Настал день суда. Набилось столько людей, что яблоку негде было упасть. Все были в лихорадочном нетерпении и спрашивали друг у друга: неужели этот суд действительно состоится?! Обвиняемый был до того напуган, что явился под охраной, которой снабдила его все та же Метелла (Rose. Атег., 13). Он был уверен, что его зарежут тут же у трибунала. На передней скамье сидели знатнейшие граждане, вид у них был скорбный и понурый. Им было горько и стыдно, но выступить защитником среди них не отважился ни единый. Явился веселый и бодрый обвинитель Эруций. Наклонившись к одному из присяжных, он кивнул на переднюю скамью и спросил, будет ли кто-нибудь из них выступать. Получив отрицательный ответ, он совершенно успокоился. О существовании же молодого защитника он, кажется, даже не догадывался.
Говорил он без всякой подготовки, считая свое выступление пустой формальностью. Вел себя нагло и развязно и держался как хозяин: садился, когда вздумается, расхаживал туда и сюда, однажды даже прервал свою речь, подозвал раба и вполголоса заказал обед из ближайшей лавочки (Ibid., 59). Наконец он сел.
И тут со скамьи защиты поднялся хрупкий, бледный как смерть юноша. Все глаза обратились к нему. Все заметили, что он дрожит, как будто у него сильнейший озноб. Но это был не страх, вернее, страх особого рода. Цицерон страшно волновался перед выступлением. «Я бледнею и содрогаюсь всем телом и душой при первых словах своей речи», — говорил он (De or., I, 121 ср. Cluent., 51). Иногда он приходил в суд с таким бледным, как маска, лицом, что его буквально не могли узнать (Plut. Cic., 35). Он «говорить начинал со страхом и насилу переставал трястись и дрожать» (Ibid.).
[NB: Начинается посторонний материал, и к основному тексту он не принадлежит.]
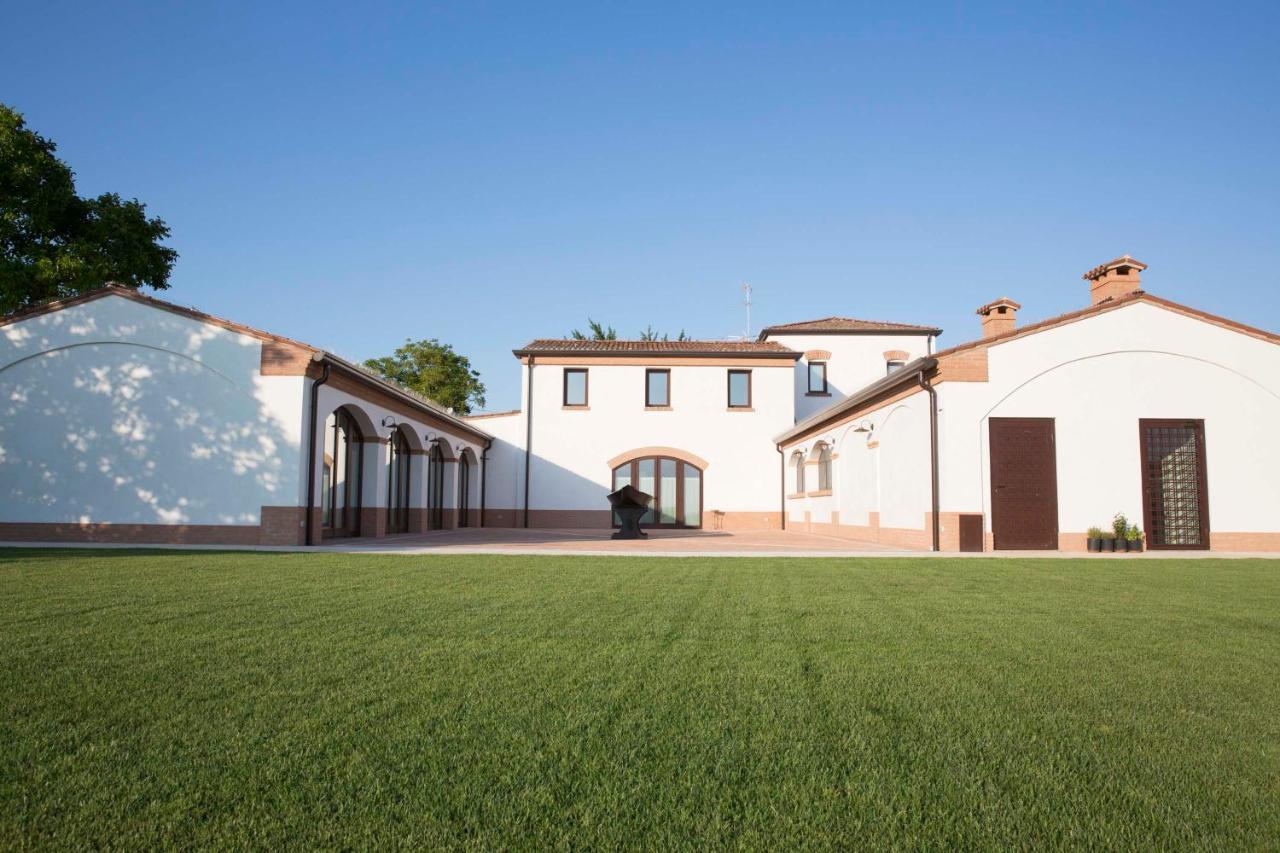 Locanda Bepa Ostiglia Exteriér fotografie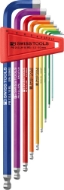 Afbeeldingen van Pb stiftsl.set 212LH-10 1,5-10mm lang kk kleu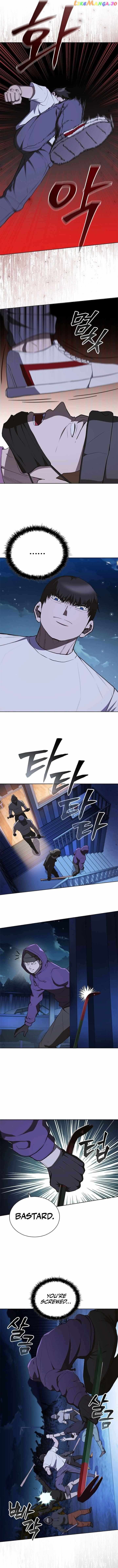 Reincarnated Boss chapter 16 page 8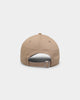 New Era Los Angeles Dodgers 'Camel White' 9FORTY Casual Strapback Tumbleweed/White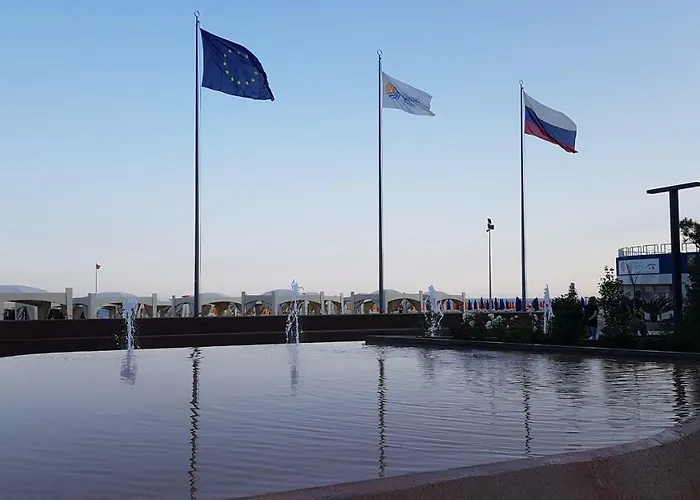 Magnolia * Линьяно-Саббьядоро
А ведь это было первое его большое выступление!
Он извинился, сказал, что очень застенчив и робок, а потому ему трудно говорить (Rose. Атеr., 9). Обвинитель окинул его презрительным и насмешливым взглядом и, не обращая на него больше внимания, отвернулся и стал громко шутить с соседями. И вдруг юноша произнес имя Хризогона. Эруций не поверил своим ушам. Он повернулся и во все глаза уставился на молодого безумца. Нет, он не ослышался. Юноша снова произнес имя Хризогона и назвал его злодеем и убийцей… (Ibid., 59–60).
— Вы удивляетесь, конечно, судьи, — начал молодой защитник, — почему, в то время как столько выдающихся своими ораторскими дарованиями и своей знатностью людей сидят спокойно, поднялся со своего места именно я, которого нельзя сравнить с сидящими ни по летам, ни по таланту, ни по знатности. Все эти люди… считают необходимым, чтобы был дан… отпор задуманному с неслыханной злобностью насилию, но дать этот отпор лично боятся… Они явились… но молчат, не желая подвергать себя опасности… В настоящее время в нашем государстве не только забыли прощать, но даже потеряли охоту понимать[11] (Ibid., 1–3).
Тут-то оратор и назвал имя человека, перед которым все дрожат — это Хризогон. Он и есть преступник.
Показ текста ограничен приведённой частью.